**What you will do**
How many lines of the records below contain the word "problem"? Answer with the number alone.

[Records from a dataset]
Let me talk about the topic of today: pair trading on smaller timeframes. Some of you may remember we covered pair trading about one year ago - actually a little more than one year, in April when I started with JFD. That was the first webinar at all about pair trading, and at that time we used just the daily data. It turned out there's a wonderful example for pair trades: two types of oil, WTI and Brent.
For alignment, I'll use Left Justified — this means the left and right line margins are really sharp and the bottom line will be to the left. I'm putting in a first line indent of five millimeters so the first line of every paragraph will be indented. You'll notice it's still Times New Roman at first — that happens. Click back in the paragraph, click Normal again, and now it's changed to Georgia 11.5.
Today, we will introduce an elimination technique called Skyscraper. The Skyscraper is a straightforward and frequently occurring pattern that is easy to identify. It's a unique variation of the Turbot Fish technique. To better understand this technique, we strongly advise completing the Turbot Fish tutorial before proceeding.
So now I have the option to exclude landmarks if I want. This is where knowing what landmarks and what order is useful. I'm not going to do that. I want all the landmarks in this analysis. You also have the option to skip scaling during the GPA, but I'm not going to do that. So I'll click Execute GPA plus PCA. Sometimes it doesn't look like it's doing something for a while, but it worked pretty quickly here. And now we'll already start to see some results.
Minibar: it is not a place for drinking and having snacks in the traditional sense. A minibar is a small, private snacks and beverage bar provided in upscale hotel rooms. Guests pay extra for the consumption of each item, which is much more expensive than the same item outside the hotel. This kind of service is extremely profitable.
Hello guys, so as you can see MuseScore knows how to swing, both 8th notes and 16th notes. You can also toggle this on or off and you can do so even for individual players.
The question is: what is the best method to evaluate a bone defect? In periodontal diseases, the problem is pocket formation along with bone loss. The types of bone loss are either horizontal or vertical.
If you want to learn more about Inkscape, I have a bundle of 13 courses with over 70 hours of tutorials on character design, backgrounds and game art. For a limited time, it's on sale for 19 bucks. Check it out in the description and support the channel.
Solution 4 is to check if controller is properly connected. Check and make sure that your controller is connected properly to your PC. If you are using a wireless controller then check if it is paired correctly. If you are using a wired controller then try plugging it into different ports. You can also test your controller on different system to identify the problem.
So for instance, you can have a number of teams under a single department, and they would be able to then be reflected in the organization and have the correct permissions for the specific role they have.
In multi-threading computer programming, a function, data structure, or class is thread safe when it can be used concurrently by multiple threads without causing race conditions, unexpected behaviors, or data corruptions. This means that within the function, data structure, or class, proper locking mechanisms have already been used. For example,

**Task response**
2